My radical left ambitions seem to be very different from the rest of the left or rather the organised left here in the UK, and doubtless to say most of the UK left. The title of this article is my attempt at deciphering the disparity between myself and the UK left, the contours of this disagreement encapsulated by this ambiguous title will be depicted and revealed in this article. No doubt it will be of no interest to anyone but myself, although I write this in the hope of someone to completely rip apart my sentiment or ideally help me towards the realisation of what it is I have to say about what it really means to be a member of the Radical Left.
I have been struggling to see how the UK left hope to achieve a revolution. Their focus, rhetoric and doctrine are embedded in 19th and 20th century text, philosophy, and crucially, tactics. It is the tactics which really concern me - as the sentiment of holding onto a Marxist, Trotskyite, Leninist, Luxembourg’s teaching is part and parcel of the constitutional edifice of the Left but - these teaching, especially today, are not sacred and should not be treated as such.

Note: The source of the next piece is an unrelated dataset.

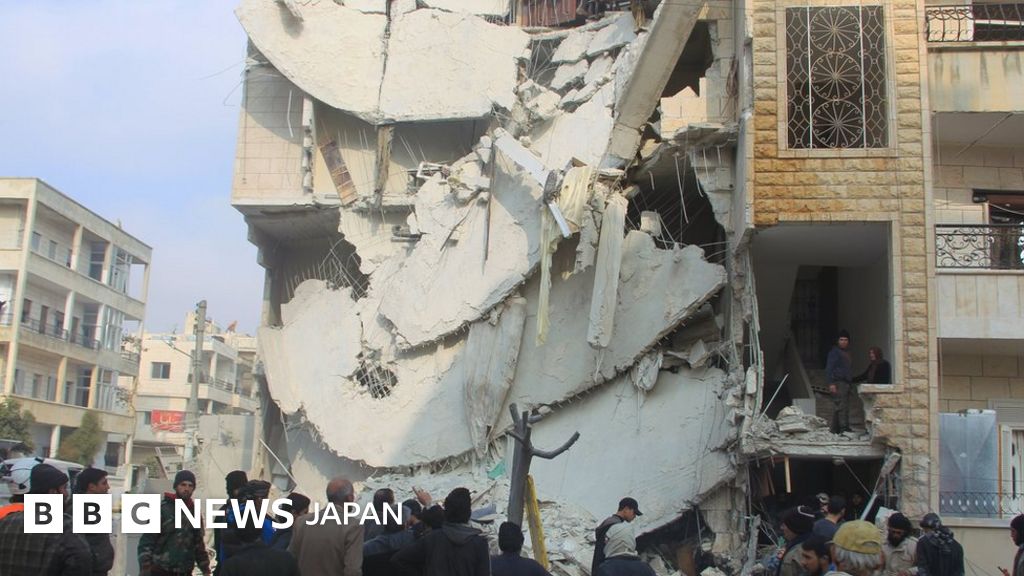 「ロシアのシリア空爆」で数十人死亡と 市場やオフィス BBCニュース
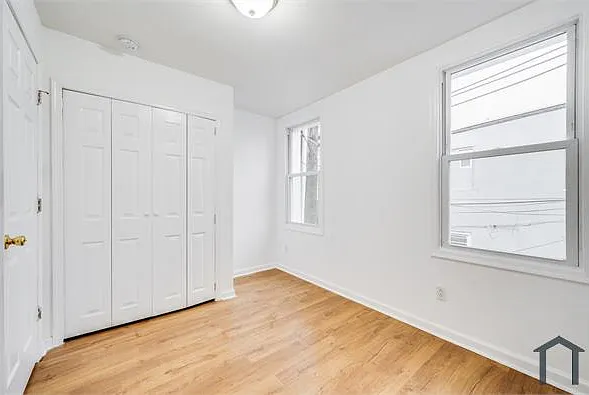 4614 Josephine St — Photo 17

What resides in the form of sacredness is the underlying message of these philosophers and revolutionaries, which is - Capitalism is a system that should be opposed and defeated and those opposing capitalism the Proletariat and slum dwellers, who constitute one of the largest proportion of densely populated civilisations around the world) the majority of the population, a section of the population who are suppressed or excluded by the ruling classes and the section of global society, need to rise up and take control of the reigns of history before the capitalist train, we are all riding, collides into oncoming traffic.
A collision is a very likely scenario in light of the current global constellations developing in the sphere of the International Relations of the 21st century, but it is the 21st century that is the crucial point here! WE live in the 21st century and to stick to Socialist tactics of the 19th and 20th century, which do not account for slums or ecological propensities, is in my view, the reason for the total failure of the left to engage and ignite with the revolutionary potential of a proletariat, that does not even realise its potentials or even that the proletariat is the proletariat!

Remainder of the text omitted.